In the early 1900s, wolverines were regarded as pests and were trapped, shot, and poisoned to the point of eradication. Soon after, the wolverines’ habitat in Cascadia was subjected to massive clear-cutting and road-building, resulting in ecosystem fragmentation and industrial-scale disturbance of once remote, quiet forests. Wolverines require large, connected landscapes with deep snowpack and little human disruption to successfully rear their young. Their return to Cascadia indicates an ecosystem that is healing, a wild place that is increasingly intact and linked to other undisturbed habitat.
“Even 20 years into the plan we are still in the early days of restoration. We are seeing some successes, and have a renewed sense of urgency to bring more parties and more action to protecting these critical wildlands from future threats.”
This landscape-level healing is no accident. In 1994, twelve years before Aubry’s encounter with Melanie, then-President Bill Clinton made a tough call. Forest ecologists and wildlife biologists in the Pacific Northwest had presented an analysis warning that decades of commercial timber operations were leading to the unraveling of the grand, ancient forest ecosystems of Cascadia. Only immediate, emergency measures offered a chance to stop the destruction. The tough call? Enacting the 1994 Northwest Forest Plan, a visionary, science-driven action that was the first ecosystem-based management plan in the world.
As a blueprint for restoring the health of Cascadia’s forests and rivers, the plan sought to find a balance between the needs of timber-dependent communities and the natural environment. It shifted federal lands management from timber dominance to ecosystem management and biodiversity conservation on nearly 25 million acres of nationally owned forests in Washington, Oregon, and California. More than anything else, the NWFP was driven by the need to meet the requirements of the Endangered Species Act, a bedrock environmental law that provides crucial protection for vulnerable plants and animals that serve as indicators of the health of the entire ecosystem.
The Plan is far from perfect, but 20 years on it’s clear that both biodiversity and the Northwest’s booming regional economy are benefitting from its protective provisions.

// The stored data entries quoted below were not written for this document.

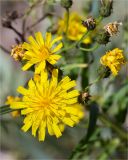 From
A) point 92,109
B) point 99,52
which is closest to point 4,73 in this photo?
point 99,52

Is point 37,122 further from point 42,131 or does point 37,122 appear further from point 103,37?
point 103,37

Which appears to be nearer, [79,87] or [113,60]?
[113,60]

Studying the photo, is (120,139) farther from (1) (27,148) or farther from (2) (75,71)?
(1) (27,148)

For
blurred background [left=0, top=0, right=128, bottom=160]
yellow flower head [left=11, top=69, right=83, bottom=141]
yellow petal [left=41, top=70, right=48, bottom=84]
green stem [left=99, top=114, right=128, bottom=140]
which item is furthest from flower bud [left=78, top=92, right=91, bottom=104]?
green stem [left=99, top=114, right=128, bottom=140]

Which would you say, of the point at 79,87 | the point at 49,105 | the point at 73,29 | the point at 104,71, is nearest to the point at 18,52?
the point at 49,105

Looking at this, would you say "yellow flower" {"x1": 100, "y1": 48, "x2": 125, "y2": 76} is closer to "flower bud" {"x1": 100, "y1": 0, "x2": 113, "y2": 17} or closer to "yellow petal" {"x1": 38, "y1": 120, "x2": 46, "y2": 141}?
"flower bud" {"x1": 100, "y1": 0, "x2": 113, "y2": 17}

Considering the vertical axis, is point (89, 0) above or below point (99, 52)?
above
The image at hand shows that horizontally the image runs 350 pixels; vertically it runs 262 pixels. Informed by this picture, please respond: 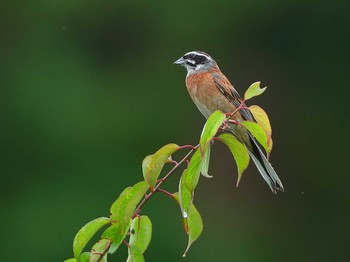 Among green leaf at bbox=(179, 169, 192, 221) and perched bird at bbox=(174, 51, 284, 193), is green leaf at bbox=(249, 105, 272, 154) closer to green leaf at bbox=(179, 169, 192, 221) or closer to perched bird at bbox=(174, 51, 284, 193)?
green leaf at bbox=(179, 169, 192, 221)

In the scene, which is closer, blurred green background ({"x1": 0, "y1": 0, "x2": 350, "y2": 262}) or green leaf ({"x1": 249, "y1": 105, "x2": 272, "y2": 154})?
green leaf ({"x1": 249, "y1": 105, "x2": 272, "y2": 154})

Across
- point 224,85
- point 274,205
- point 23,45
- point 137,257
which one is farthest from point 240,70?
point 137,257

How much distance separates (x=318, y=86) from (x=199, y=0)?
179 cm

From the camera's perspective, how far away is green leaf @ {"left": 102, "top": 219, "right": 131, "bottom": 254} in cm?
281

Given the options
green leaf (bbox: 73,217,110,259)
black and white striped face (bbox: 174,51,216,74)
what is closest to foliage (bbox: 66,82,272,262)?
green leaf (bbox: 73,217,110,259)

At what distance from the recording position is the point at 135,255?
9.11ft

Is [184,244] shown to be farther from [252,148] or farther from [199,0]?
[252,148]

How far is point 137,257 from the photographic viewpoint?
2.76 meters

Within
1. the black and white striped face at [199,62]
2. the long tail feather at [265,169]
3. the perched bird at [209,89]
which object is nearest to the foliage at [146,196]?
the long tail feather at [265,169]

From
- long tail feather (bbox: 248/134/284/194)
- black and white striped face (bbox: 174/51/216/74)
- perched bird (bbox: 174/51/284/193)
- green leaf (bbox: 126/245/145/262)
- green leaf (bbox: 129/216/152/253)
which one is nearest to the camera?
green leaf (bbox: 126/245/145/262)

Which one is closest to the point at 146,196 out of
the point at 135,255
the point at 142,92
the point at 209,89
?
the point at 135,255

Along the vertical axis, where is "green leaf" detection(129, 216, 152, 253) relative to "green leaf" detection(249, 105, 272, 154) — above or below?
below

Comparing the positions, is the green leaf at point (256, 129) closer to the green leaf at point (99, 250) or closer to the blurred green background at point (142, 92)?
the green leaf at point (99, 250)

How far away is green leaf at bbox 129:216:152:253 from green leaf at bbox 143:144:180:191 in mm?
109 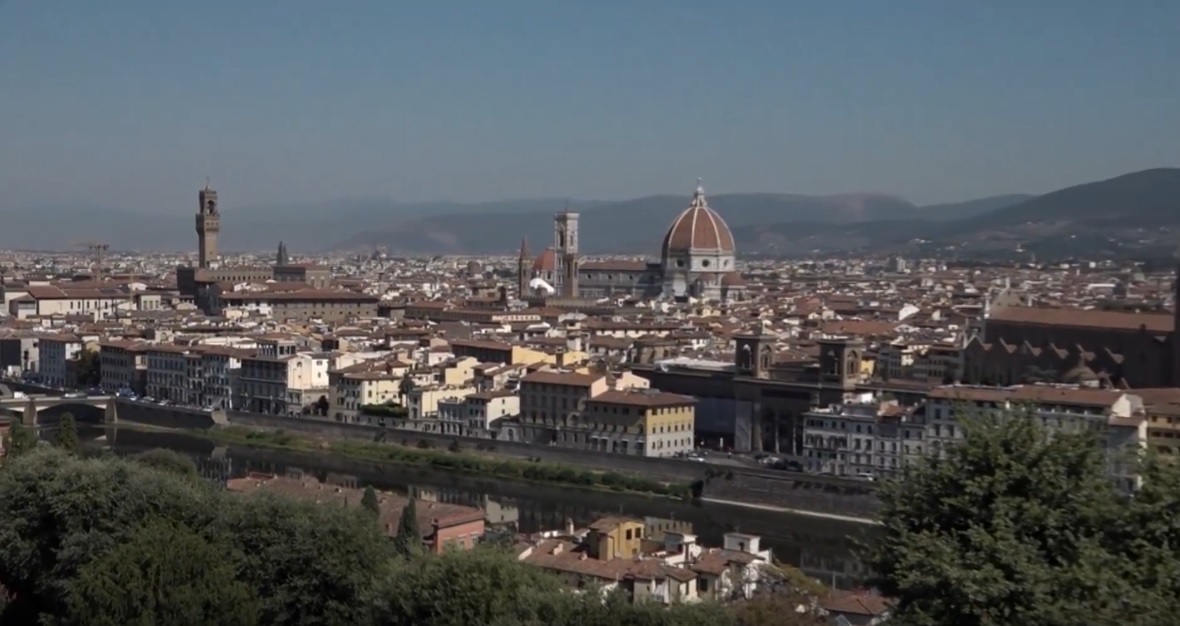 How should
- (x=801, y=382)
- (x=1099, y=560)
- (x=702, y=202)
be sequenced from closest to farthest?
(x=1099, y=560)
(x=801, y=382)
(x=702, y=202)

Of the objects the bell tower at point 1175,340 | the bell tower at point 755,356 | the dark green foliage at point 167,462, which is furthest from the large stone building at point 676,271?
the dark green foliage at point 167,462

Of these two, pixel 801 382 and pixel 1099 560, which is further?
pixel 801 382

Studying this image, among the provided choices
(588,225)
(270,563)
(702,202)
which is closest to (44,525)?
(270,563)

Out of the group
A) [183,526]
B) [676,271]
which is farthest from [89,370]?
[183,526]

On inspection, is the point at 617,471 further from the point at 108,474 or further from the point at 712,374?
the point at 108,474

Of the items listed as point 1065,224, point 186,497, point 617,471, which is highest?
point 1065,224

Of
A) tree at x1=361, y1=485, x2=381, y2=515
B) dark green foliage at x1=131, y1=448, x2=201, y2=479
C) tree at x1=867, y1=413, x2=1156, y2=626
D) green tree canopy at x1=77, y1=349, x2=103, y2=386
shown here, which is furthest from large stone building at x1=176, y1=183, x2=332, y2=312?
tree at x1=867, y1=413, x2=1156, y2=626

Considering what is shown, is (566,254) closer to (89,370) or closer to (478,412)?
(89,370) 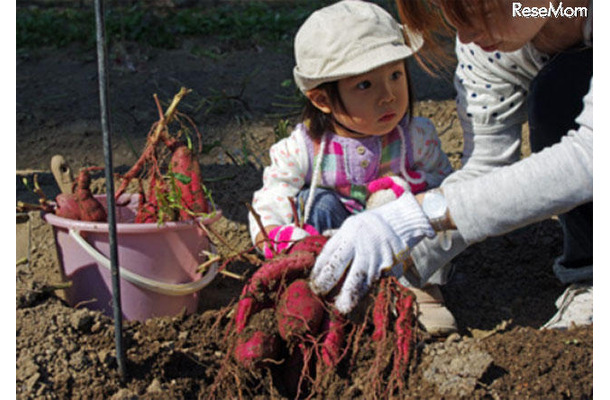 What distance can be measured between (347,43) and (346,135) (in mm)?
320

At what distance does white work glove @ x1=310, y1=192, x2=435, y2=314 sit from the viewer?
1709 millimetres

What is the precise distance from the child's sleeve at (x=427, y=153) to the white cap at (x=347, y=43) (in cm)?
27

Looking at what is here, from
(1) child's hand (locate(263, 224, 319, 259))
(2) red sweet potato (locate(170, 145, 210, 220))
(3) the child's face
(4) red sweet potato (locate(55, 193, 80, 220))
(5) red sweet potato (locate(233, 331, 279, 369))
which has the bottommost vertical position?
(5) red sweet potato (locate(233, 331, 279, 369))

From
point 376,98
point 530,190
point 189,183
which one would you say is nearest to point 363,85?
point 376,98

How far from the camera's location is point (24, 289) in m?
1.94

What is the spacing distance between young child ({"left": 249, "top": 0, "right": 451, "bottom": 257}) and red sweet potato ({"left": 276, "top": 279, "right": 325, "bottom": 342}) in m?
0.21

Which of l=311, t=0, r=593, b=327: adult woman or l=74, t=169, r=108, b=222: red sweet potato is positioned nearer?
l=311, t=0, r=593, b=327: adult woman

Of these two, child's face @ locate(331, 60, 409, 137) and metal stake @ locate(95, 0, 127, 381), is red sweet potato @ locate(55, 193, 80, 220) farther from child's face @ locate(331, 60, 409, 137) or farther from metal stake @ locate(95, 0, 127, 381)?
child's face @ locate(331, 60, 409, 137)

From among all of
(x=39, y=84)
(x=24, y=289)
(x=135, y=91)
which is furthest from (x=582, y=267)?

The path has had rough patches along the way, but thanks to the determination and creativity of Wilburforce grantees and other advocates, strong local, regional, and national decision-makers, and nature’s own ability to heal, long-absent wildlife are returning home.
With sustained advocacy, Wilburforce grantees including The Wilderness Society, Pacific Rivers, and Conservation Northwest have seen great success in implementing the Plan. Notable accomplishments include the protection and restoration of old-growth forests and wild, clean rivers, and the transition to a more diverse and robust regional economy.
Many who have been drawn to the natural beauty of the Pacific Northwest over the past two decades are unaware of the Northwest Forest Plan. They have never seen a logging truck carrying a tree so big only one would fit, or have headed out to their favorite hiking spot only to find a clear-cut where a forested trail used to be. They don’t know why their drinking water is so clean or think about the massive amounts of carbon the ancient forests of the mountains they can see from their office windows in Seattle and Portland are absorbing. They are unaware of the decades of hard work that has been required to keep the Plan itself from unraveling from repeated assaults from extractive industries and the politicians that represent them.
Wilburforce Foundation grantees and others are working together to change that, as the Plan has begun its first significant revision since it was enacted. Inspiring new constituencies to speak up about the forests where they play and experience nature, that clean their air and water, and provide essential habitat for wildlife will be critical to ensure that the protective provisions of the Plan are not only maintained but enhanced.
The majestic forests of the Pacific Northwest, the human communities that depend on a healthy environment, and the wildlife that call Cascadia home—owls, salmon, lynx, wolves, bears, elk, mountain goats, and wolverines like Melanie and Rocky—deserve nothing less.